Dès lors, un conciliabule se met en branle. La costumière cherche une solution. L’opérateur propose des modifications, des prises de vue différentes pour adoucir le problème. La maquilleuse tente de camoufler la bretelle. L’éclairagiste de modifier l’angle de la lumière. Guitry n’est pas satisfait, il s’énerve. La comédienne laisse les choses se faire, elle est trempée, elle a froid, elle est triturée par diverses mains mais personne ne prend la peine de la consulter. Impatiente et agacée, elle descend de la baignoire.  
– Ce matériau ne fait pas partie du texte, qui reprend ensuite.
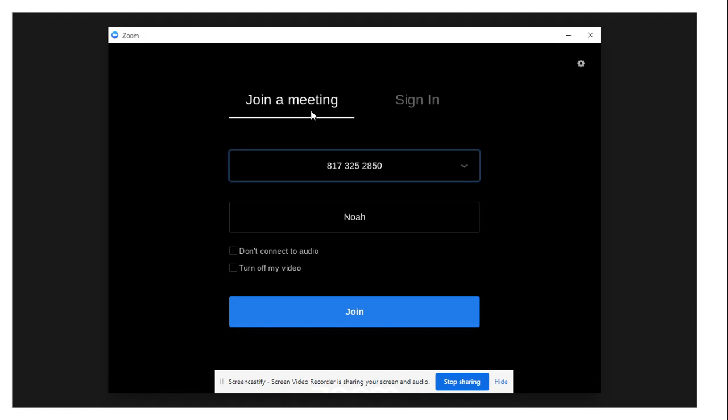So if you're joining a meeting with a code that a teacher gave you, you're going to enter the code here. Make sure these two boxes that say don't connect to audio and turn off my video are not checked. Leave them blank. And then you're going to click join.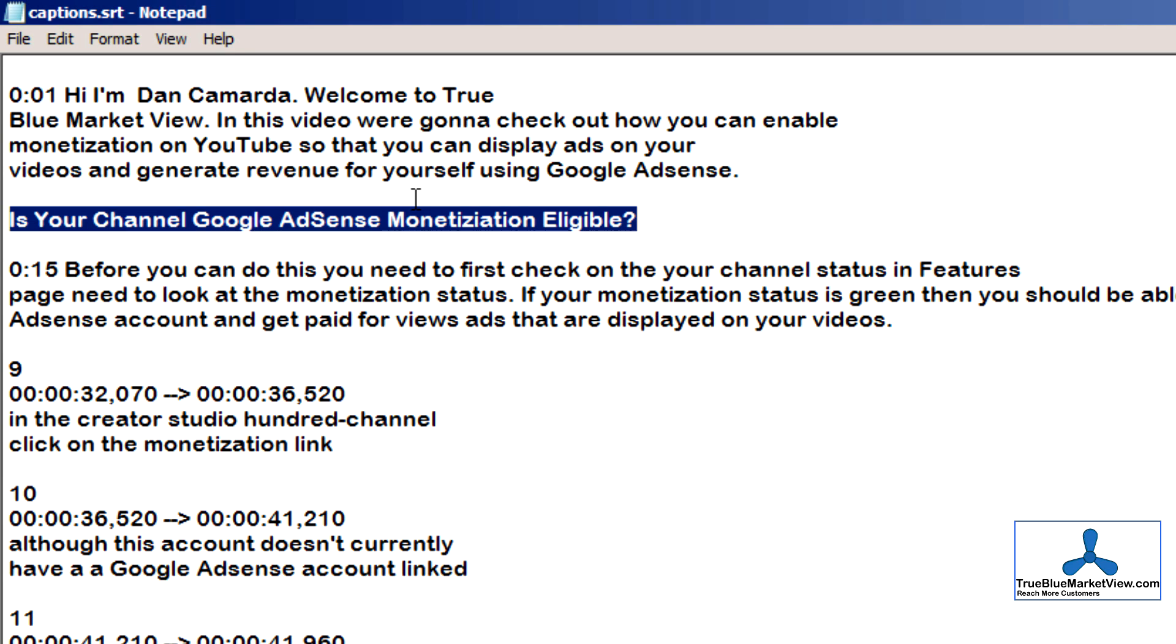Also note that during the editing process, you could put titles or subtitles within your captions to help further explain and differentiate to somebody that might actually be browsing through your transcript in your video description as to what portion of the video might be talking about a particular topic.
- Bon les enfants, on ne va pas tourner des heures autour du pot. Comme personne n’ose le demander…  

Au centre du plateau, entourée du réalisateur et de dizaines de techniciens, elle ôte purement et simplement sa nuisette. Nue comme un ver, légère et gracieuse, elle enjambe à nouveau la baignoire et reprend sa position. Avec un sourire mutin, elle regarde Guitry :  

- La solution vous convient, Maestro ?  

La maquilleuse et la costumière s’offusquent et s’éloignent. Les techniciens restent cois et ricanent. Guitry, lui, la regarde avec admiration et amusement.  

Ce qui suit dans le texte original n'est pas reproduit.